# THE PROBLEM:
An exact transcription is needed, beginning at the line with "跑步的时候腹部疼痛是什么原因" and ending at the last line of the listing, with pictures left out and nothing else added.

# INPUT DATA:
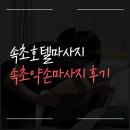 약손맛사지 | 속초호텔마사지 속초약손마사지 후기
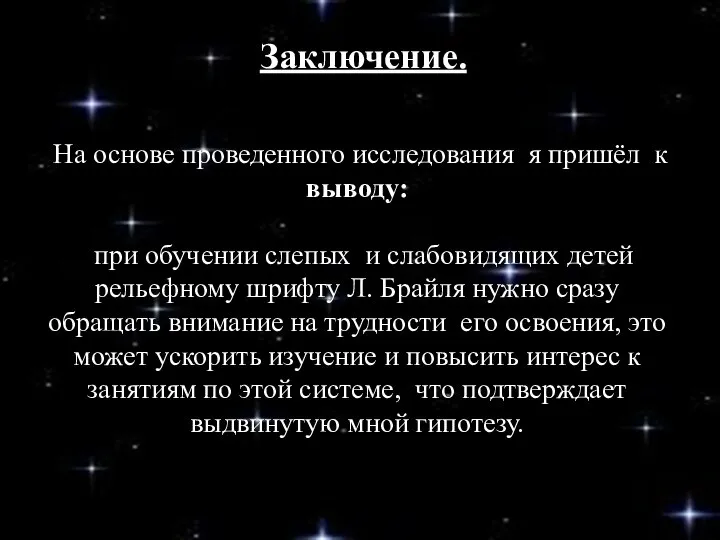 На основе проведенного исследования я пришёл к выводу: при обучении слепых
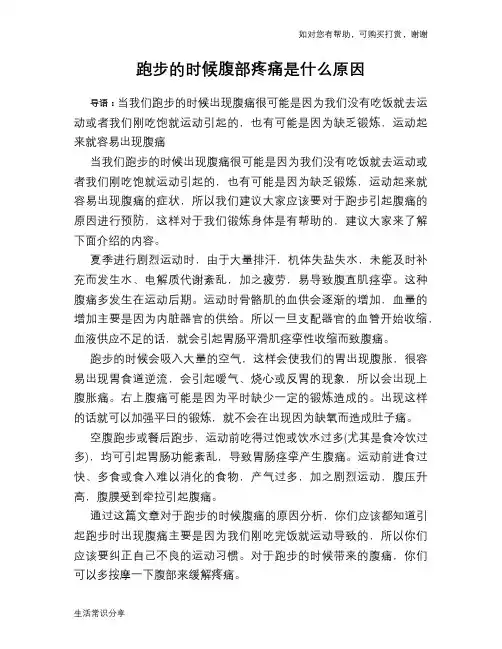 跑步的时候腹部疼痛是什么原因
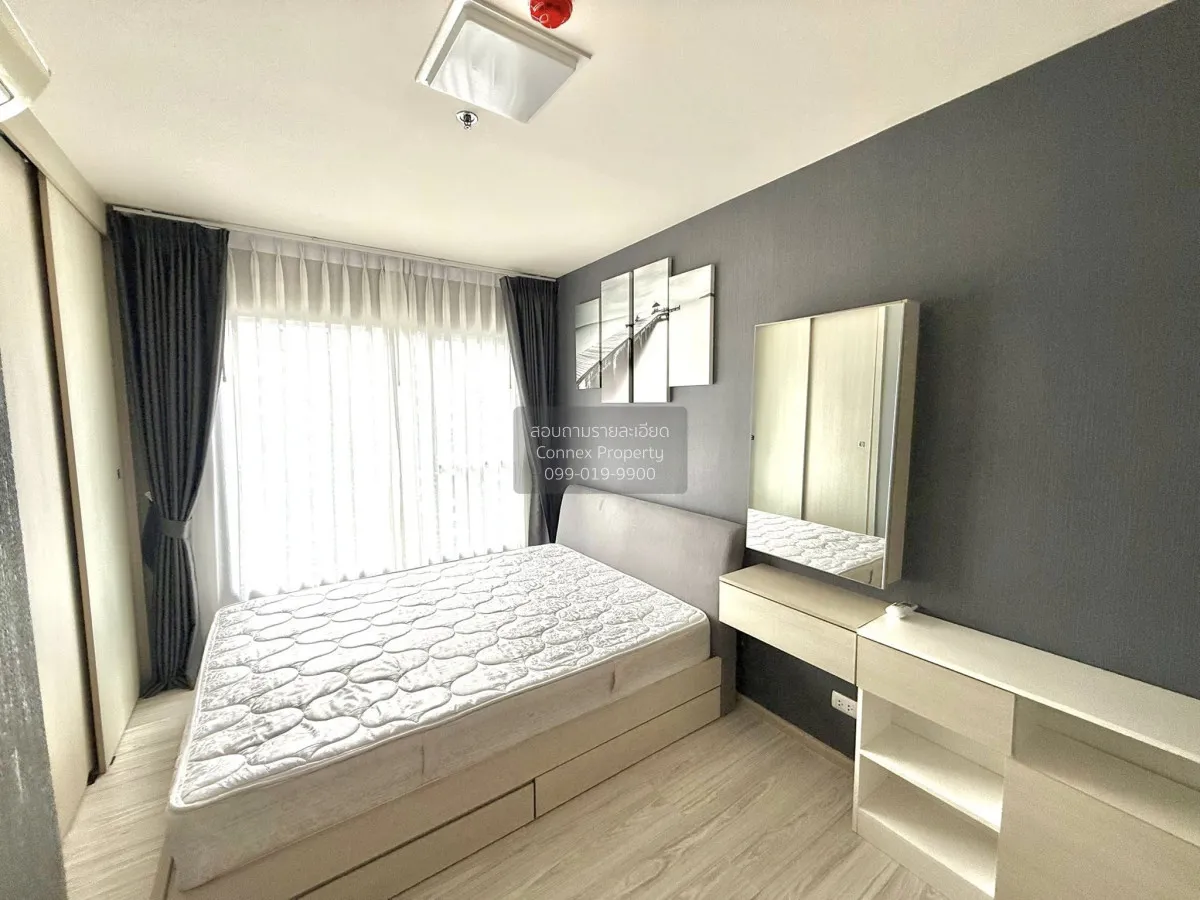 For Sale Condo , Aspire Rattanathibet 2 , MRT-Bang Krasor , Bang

# ANSWER TO THE PROBLEM:
 跑步的时候腹部疼痛是什么原因
 For Sale Condo , Aspire Rattanathibet 2 , MRT-Bang Krasor , Bang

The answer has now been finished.